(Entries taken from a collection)
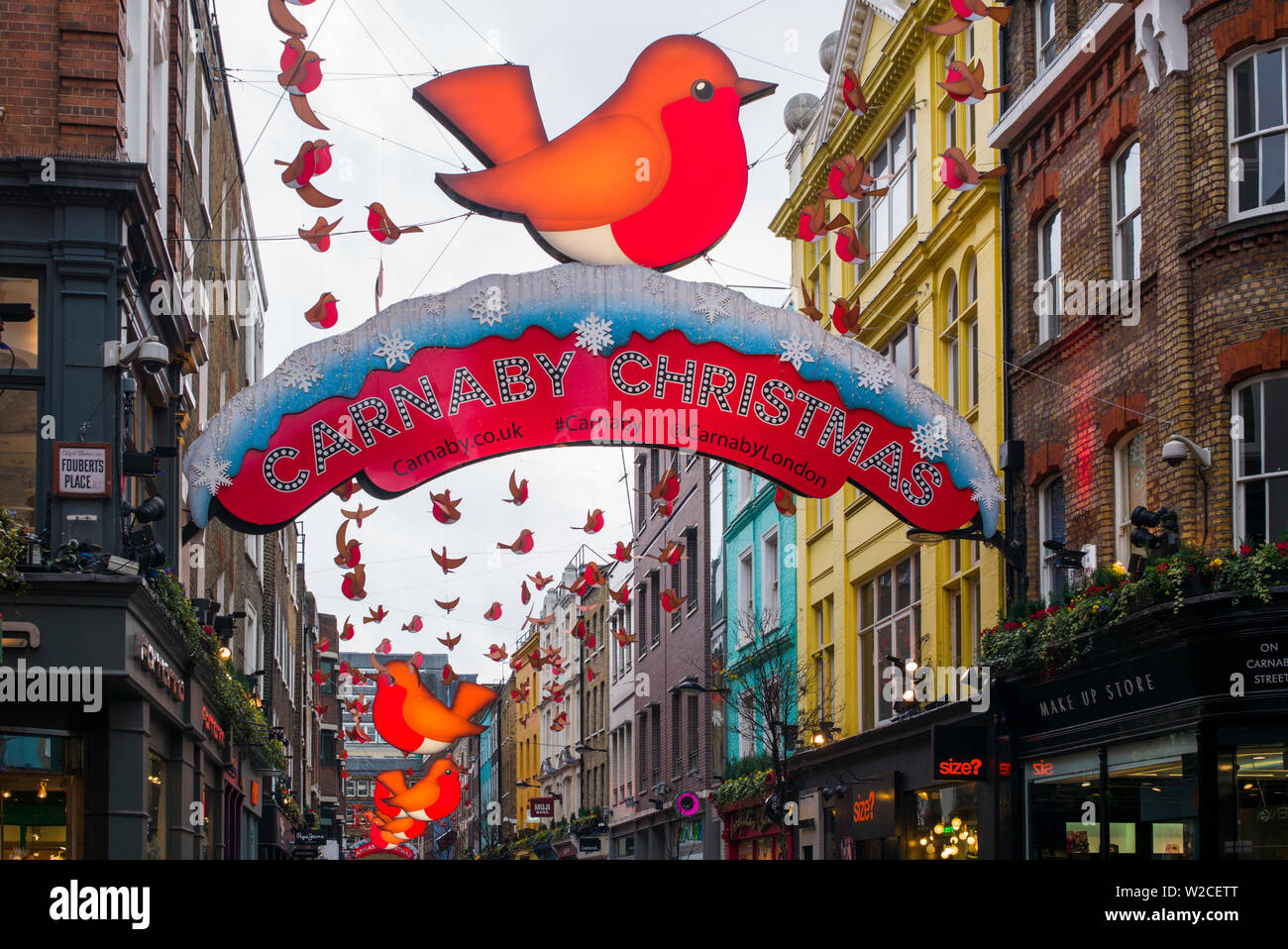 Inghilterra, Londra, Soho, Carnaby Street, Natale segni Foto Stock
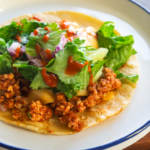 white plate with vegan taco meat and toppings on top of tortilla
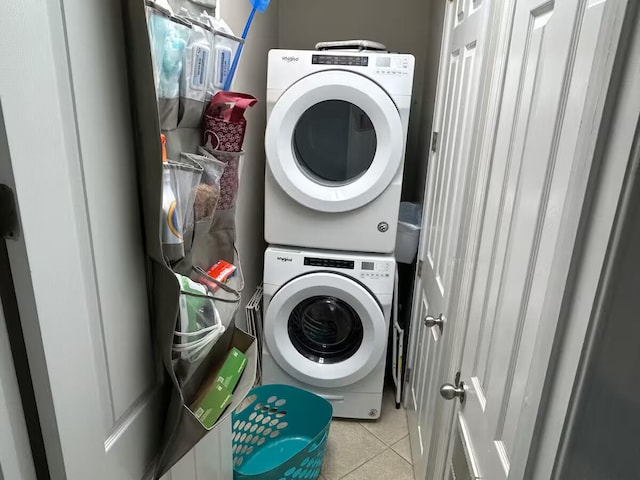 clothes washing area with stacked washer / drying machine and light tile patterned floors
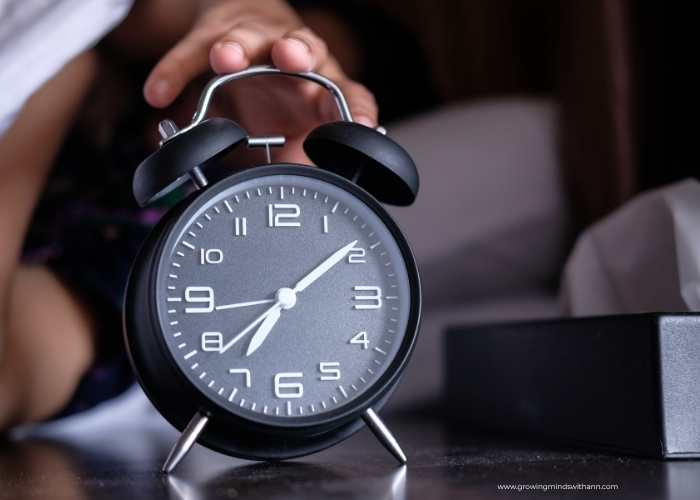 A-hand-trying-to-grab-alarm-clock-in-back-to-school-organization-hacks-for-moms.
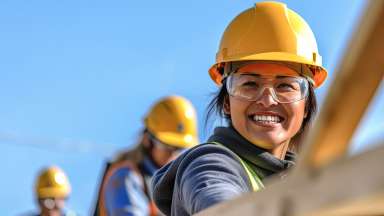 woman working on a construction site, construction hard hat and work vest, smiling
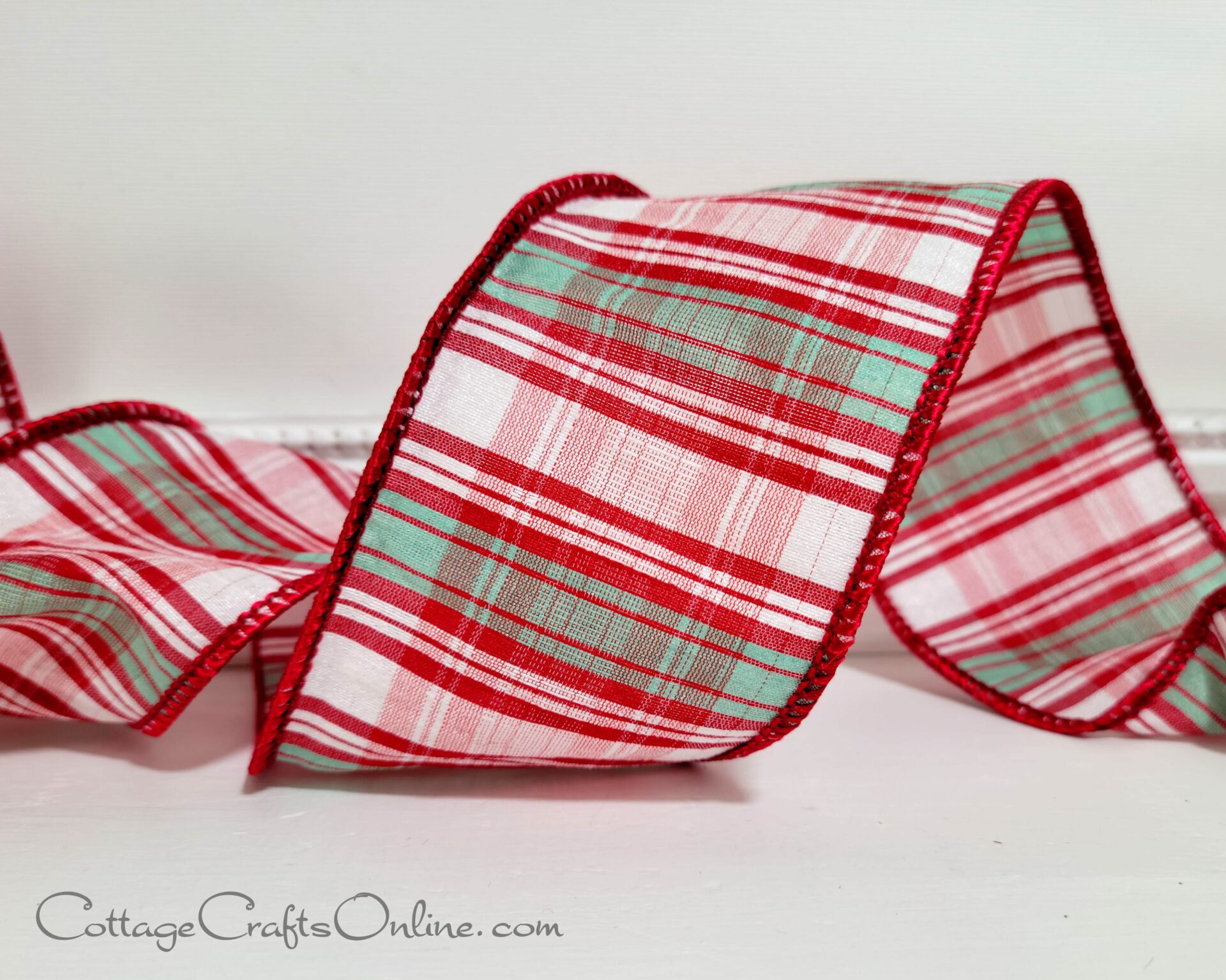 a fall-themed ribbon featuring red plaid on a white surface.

▶ **EXERCISE DESCRIPTION**
Skip every picture and transcribe the data above exactly.

▶ **TASK ANSWER**
 Inghilterra, Londra, Soho, Carnaby Street, Natale segni Foto Stock
 white plate with vegan taco meat and toppings on top of tortilla
 clothes washing area with stacked washer / drying machine and light tile patterned floors
 A-hand-trying-to-grab-alarm-clock-in-back-to-school-organization-hacks-for-moms.
 woman working on a construction site, construction hard hat and work vest, smiling
 a fall-themed ribbon featuring red plaid on a white surface.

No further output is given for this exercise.